One morning, a man awoke, suddenly unprepared to execute a crowd. Thought and emotion writhed within his head as his hands pulled at previously limp fabric until it contorted and settled against his scarred tan skin. At a rational level, he knew what should occur. First, resistors, disbelievers, and other assorted Luddites would make some sort of last stand: valiant in theory, but pathetic in practice. Next, the survivors would be herded into a pen; he would recite a speech he had given dozens of times and would give the Subversives one last chance to be saved and Plug themselves Into the Network. A few would always abandon their principles when faced with death. But the fervency of most Subversives had confused and impressed him: they were so determined to hold on to anachronistic ways of being that they would willingly, even proudly, sacrifice themselves in a futile stand against the March of Progress. Didn’t they know how selfish they were being? Every single Subversive had been amply informed of the mechanics of the Network and every one of them had made a choice to stay on the wrong side of the End War and thus History. Just as economies required new investment to keep people employed, the Network could not sustain itself absent further participation. It was truly humanity’s ethical obligation to keep the Network alive until the world’s top scientists could discover new populations from which to extract more Thought. Without sufficient Thought power, the Network would collapse, ending the lives of everyone linked into it.

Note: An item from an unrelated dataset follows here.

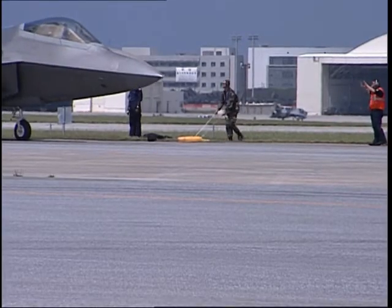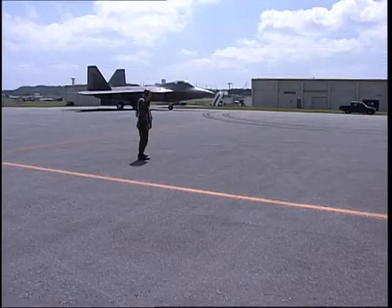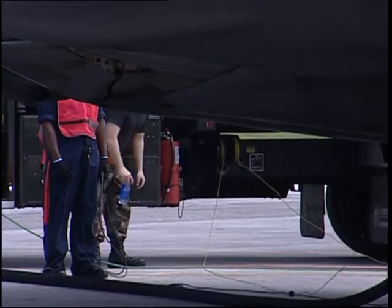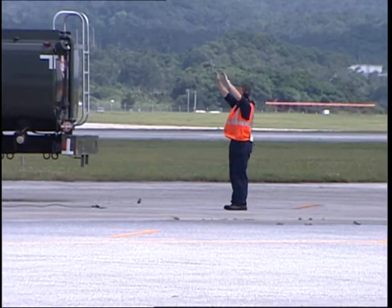While the F-22s continue their deployment on Okinawa, Kadena Airmen take pride in being among the first to work with them. The 22 is an amazing machine. I was very glad that they were coming over here and I was able to participate. Like every good pit crew, every member plays a vital role in the hot pit, getting fighters back on track.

The man had heard the counterargument: that giving up control of one’s mind was worse than death. This was what a woman whose frayed blue sweater barely held itself together had once defiantly shouted to him before he opened fire. He knew this to be definitively untrue: no one knew what happened after death. In contrast, Plugging oneself Into the Network meant feeling eternal pleasure, relaxation, and happiness. Was giving up one’s mind really that large a price to pay for guaranteed freedom from everything wrong with the world? The man strapped a firearm with blue lines pulsating through the obsidian-colored steel to his side. He began to pull on his helmet when that Thought wormed its way back into his brain.
The execution of passive Subversives was now unnecessary: this was one of the last Subversive outposts in the entire world. In past years it had still made sense to send a message to other rebels. He remembered the early years of the End War: most of the world’s population, along with nearly everything that made life livable, had been destroyed in the crossfire. North America and Europe came relatively easily, while continents below the equator had taken longer. But the vast unpopulated expanses of Asia provided ample opportunities for Subversives to hide, which was why, the man reflected as he stepped out of his tent and into the darkness and bitter wind, he was standing somewhere in the East Siberian Mountains. The image of dead Subversives began to germinate in his mind as toxic smoke whirled around his reflective blue helm. The gratuity of the violence he was going to inflict felt repulsive. Not wrong per se, but repulsive.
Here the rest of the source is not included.